Even more than the Nivea lotion, I friggin' adore Nivea Creme. (Sorry, Mom.) It's so thick and MF-ing indulgent, like putting a marshmallow fluff all over your skin, if that wasn't completely disgusting. And look at the sheen on those legs! I usually reserve this goodness for just lower body areas, pretty much because I like shines on my legs and not anywhere else, but you can use it wherever the hell you want.

Best Overall Getting-Moisturizing-Business-Done Lotion
palmer's cocoa butter, $6.79 at walgreens
Besides the Nivea (and Jergens Natural Glow), this is the only lotion I have ever used consistently.
I will straight boil bunnies if this cocoa butter ever tries to leave me. Okay, I won't, because I effing love bunnies, but I do feel very strongly about this lotion. I've tried a million other lotions, several different cocoa butters, and nothing comes close to this mofo.
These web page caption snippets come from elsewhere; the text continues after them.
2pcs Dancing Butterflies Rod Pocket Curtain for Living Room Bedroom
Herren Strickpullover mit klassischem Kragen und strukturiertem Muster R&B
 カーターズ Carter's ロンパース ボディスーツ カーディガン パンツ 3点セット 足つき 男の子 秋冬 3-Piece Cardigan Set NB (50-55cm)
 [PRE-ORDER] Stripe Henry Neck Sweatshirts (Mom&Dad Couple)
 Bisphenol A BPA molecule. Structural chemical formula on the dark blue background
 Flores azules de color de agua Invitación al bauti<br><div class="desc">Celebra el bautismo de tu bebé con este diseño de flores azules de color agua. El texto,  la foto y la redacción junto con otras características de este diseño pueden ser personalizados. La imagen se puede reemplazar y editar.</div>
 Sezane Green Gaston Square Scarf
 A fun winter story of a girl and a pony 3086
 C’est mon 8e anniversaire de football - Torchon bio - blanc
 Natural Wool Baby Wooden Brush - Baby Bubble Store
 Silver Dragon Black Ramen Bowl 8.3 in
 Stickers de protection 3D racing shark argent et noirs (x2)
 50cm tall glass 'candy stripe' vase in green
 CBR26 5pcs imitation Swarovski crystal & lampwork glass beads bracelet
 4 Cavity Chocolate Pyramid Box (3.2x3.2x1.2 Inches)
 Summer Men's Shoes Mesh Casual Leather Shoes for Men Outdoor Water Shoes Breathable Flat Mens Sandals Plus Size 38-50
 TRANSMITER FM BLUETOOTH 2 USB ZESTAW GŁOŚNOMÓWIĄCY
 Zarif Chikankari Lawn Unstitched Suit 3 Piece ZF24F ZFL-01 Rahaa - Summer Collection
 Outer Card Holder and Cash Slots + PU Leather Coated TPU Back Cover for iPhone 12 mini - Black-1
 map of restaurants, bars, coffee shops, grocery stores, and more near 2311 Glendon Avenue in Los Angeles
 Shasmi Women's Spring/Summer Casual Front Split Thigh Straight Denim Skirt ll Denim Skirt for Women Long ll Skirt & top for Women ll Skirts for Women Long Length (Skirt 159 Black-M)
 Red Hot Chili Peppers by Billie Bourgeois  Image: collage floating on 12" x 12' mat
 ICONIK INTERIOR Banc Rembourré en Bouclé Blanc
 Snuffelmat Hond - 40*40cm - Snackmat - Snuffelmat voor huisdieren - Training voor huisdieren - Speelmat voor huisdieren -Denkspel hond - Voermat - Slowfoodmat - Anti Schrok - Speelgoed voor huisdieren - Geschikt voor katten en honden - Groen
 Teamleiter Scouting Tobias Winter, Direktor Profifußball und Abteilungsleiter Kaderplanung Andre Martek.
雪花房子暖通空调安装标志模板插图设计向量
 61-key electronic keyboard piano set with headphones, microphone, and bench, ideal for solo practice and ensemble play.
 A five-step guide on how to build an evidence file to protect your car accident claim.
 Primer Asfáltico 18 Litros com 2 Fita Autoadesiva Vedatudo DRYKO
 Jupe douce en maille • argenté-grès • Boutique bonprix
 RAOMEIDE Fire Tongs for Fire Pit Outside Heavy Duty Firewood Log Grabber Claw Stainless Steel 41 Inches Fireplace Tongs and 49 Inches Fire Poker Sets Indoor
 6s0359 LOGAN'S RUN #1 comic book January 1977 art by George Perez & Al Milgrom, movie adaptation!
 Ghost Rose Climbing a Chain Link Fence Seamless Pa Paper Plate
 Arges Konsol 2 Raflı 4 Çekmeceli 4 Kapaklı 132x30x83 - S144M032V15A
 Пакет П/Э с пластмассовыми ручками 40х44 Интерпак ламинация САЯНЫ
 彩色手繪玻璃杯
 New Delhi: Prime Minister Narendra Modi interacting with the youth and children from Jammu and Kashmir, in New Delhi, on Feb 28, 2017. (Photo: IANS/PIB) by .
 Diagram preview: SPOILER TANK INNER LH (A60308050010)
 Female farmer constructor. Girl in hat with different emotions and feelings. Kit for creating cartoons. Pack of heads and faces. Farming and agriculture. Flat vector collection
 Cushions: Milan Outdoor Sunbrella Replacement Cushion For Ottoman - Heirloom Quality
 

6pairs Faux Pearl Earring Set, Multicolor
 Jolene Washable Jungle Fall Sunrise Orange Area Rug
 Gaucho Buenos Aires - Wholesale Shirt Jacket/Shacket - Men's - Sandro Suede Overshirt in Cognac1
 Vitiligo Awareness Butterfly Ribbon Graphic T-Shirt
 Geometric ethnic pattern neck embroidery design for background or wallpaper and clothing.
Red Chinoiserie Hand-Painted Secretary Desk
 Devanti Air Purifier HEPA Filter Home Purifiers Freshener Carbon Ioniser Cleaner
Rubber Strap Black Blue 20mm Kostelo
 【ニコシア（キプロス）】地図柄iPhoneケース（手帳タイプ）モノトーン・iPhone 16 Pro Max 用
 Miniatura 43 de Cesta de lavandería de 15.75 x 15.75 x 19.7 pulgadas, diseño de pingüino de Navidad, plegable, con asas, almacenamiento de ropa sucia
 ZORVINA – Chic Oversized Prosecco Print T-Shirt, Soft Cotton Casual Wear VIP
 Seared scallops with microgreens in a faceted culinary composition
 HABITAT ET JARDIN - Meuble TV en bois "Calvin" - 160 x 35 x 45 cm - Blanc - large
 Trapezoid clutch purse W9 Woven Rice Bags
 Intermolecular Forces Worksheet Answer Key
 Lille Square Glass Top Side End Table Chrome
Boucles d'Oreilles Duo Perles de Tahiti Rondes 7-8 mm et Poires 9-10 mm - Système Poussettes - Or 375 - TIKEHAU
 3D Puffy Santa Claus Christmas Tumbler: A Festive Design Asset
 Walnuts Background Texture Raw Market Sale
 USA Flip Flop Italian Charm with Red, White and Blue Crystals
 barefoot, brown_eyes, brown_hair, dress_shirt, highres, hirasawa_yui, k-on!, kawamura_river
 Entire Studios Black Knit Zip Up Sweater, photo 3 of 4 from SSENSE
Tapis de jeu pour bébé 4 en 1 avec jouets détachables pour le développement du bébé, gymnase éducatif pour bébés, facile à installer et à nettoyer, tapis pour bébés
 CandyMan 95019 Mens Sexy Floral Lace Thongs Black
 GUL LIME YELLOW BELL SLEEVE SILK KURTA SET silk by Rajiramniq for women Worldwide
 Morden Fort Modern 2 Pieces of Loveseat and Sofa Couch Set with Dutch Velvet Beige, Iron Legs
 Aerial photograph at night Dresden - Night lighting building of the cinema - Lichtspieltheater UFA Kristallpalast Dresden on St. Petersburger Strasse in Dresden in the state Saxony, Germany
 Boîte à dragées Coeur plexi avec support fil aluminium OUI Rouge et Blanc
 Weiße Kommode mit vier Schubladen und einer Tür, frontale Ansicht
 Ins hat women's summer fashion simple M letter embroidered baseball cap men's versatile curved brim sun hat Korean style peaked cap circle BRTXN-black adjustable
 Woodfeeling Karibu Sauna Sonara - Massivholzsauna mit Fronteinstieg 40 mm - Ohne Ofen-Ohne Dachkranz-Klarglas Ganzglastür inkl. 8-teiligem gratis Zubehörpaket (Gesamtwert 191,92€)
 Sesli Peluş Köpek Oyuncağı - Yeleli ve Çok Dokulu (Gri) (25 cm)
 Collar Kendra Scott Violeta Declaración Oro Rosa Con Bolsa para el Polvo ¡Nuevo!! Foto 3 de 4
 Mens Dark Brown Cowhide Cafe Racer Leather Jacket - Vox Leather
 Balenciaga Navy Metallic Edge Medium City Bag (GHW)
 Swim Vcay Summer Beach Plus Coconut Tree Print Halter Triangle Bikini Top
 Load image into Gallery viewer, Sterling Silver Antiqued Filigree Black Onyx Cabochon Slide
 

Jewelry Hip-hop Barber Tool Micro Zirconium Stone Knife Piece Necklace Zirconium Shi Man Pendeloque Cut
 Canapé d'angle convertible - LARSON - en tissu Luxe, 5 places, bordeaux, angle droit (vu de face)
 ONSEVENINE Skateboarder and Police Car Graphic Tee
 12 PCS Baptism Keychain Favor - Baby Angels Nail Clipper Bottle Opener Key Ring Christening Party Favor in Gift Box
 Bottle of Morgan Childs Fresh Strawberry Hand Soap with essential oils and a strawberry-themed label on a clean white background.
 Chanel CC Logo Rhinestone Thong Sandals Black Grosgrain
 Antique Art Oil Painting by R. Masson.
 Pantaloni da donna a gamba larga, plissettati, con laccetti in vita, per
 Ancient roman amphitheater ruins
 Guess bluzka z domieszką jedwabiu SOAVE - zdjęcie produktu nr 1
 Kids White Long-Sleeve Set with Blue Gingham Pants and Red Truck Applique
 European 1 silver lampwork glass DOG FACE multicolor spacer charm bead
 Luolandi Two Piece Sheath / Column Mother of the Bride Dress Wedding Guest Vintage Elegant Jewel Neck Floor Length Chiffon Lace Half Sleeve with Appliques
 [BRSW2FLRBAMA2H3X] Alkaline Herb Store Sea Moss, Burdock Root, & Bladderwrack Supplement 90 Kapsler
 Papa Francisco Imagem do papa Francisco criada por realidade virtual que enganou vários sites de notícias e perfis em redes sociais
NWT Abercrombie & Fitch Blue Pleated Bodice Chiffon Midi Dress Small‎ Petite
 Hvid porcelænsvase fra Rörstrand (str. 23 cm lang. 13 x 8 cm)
If you like smelling like chocolate lite and having skin dripping with moisture (okay, no, gross), you'll love this. And you can buy it at pretty much every store on the planet. It puts the fetch in perfect(h)ion. Whatever. I give up.

Best Anti-Old Lady Hands Hand Cream
ahava mineral hand cream, $23
I've always had the hands of an elderly woman. If that whole "look at a lady's hands to tell her real age" thing is real, I'm royally effed. Also, that crap sounds like some nonsense from the Victorian Age. Anyway, they're just veiny and have the skin texture of a baseball mitt that's caught a bunch of balls hard and been put up wet. It's not cute.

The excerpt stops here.